Task requirements: Repeat each record word for word. Leave nothing out.

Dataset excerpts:
-- Opening Marker --

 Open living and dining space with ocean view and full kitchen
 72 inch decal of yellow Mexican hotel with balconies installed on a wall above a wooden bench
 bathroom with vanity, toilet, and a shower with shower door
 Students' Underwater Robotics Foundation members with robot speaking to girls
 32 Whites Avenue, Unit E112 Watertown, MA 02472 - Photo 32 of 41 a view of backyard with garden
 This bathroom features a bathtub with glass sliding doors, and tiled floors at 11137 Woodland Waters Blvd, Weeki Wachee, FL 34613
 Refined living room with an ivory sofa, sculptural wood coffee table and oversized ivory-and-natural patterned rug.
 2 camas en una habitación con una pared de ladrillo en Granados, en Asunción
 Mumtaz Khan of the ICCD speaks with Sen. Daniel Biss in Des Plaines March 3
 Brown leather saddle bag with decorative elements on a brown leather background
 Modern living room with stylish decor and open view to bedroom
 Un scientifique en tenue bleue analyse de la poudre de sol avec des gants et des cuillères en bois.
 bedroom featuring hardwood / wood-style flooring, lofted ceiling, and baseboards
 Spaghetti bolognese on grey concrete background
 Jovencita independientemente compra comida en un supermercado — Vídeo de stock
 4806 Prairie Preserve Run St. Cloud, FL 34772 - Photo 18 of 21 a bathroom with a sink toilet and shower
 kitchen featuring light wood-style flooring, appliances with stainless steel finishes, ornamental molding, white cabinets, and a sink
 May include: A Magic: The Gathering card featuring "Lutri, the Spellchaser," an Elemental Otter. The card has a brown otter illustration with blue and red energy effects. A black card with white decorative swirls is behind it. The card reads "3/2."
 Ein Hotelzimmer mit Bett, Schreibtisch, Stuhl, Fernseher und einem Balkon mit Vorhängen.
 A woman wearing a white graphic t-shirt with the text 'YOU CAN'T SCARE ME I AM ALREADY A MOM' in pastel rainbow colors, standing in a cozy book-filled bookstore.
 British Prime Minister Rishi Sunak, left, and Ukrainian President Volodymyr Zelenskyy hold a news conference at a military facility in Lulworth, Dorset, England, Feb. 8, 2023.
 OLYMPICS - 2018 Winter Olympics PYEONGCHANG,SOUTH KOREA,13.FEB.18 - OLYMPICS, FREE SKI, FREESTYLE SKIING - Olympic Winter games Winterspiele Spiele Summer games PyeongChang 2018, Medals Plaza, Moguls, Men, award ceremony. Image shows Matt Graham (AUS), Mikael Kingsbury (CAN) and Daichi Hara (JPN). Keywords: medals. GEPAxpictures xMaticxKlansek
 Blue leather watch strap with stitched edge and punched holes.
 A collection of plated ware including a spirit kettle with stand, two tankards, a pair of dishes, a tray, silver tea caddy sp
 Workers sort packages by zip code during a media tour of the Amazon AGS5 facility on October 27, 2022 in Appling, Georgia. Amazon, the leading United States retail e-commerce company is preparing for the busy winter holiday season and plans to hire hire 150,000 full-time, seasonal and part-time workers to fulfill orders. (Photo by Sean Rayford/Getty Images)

-- Closing Marker --

Solution to this problem:
 Open living and dining space with ocean view and full kitchen
 72 inch decal of yellow Mexican hotel with balconies installed on a wall above a wooden bench
 bathroom with vanity, toilet, and a shower with shower door
 Students' Underwater Robotics Foundation members with robot speaking to girls
 32 Whites Avenue, Unit E112 Watertown, MA 02472 - Photo 32 of 41 a view of backyard with garden
 This bathroom features a bathtub with glass sliding doors, and tiled floors at 11137 Woodland Waters Blvd, Weeki Wachee, FL 34613
 Refined living room with an ivory sofa, sculptural wood coffee table and oversized ivory-and-natural patterned rug.
 2 camas en una habitación con una pared de ladrillo en Granados, en Asunción
 Mumtaz Khan of the ICCD speaks with Sen. Daniel Biss in Des Plaines March 3
 Brown leather saddle bag with decorative elements on a brown leather background
 Modern living room with stylish decor and open view to bedroom
 Un scientifique en tenue bleue analyse de la poudre de sol avec des gants et des cuillères en bois.
 bedroom featuring hardwood / wood-style flooring, lofted ceiling, and baseboards
 Spaghetti bolognese on grey concrete background
 Jovencita independientemente compra comida en un supermercado — Vídeo de stock
 4806 Prairie Preserve Run St. Cloud, FL 34772 - Photo 18 of 21 a bathroom with a sink toilet and shower
 kitchen featuring light wood-style flooring, appliances with stainless steel finishes, ornamental molding, white cabinets, and a sink
 May include: A Magic: The Gathering card featuring "Lutri, the Spellchaser," an Elemental Otter. The card has a brown otter illustration with blue and red energy effects. A black card with white decorative swirls is behind it. The card reads "3/2."
 Ein Hotelzimmer mit Bett, Schreibtisch, Stuhl, Fernseher und einem Balkon mit Vorhängen.
 A woman wearing a white graphic t-shirt with the text 'YOU CAN'T SCARE ME I AM ALREADY A MOM' in pastel rainbow colors, standing in a cozy book-filled bookstore.
 British Prime Minister Rishi Sunak, left, and Ukrainian President Volodymyr Zelenskyy hold a news conference at a military facility in Lulworth, Dorset, England, Feb. 8, 2023.
 OLYMPICS - 2018 Winter Olympics PYEONGCHANG,SOUTH KOREA,13.FEB.18 - OLYMPICS, FREE SKI, FREESTYLE SKIING - Olympic Winter games Winterspiele Spiele Summer games PyeongChang 2018, Medals Plaza, Moguls, Men, award ceremony. Image shows Matt Graham (AUS), Mikael Kingsbury (CAN) and Daichi Hara (JPN). Keywords: medals. GEPAxpictures xMaticxKlansek
 Blue leather watch strap with stitched edge and punched holes.
 A collection of plated ware including a spirit kettle with stand, two tankards, a pair of dishes, a tray, silver tea caddy sp
 Workers sort packages by zip code during a media tour of the Amazon AGS5 facility on October 27, 2022 in Appling, Georgia. Amazon, the leading United States retail e-commerce company is preparing for the busy winter holiday season and plans to hire hire 150,000 full-time, seasonal and part-time workers to fulfill orders. (Photo by Sean Rayford/Getty Images)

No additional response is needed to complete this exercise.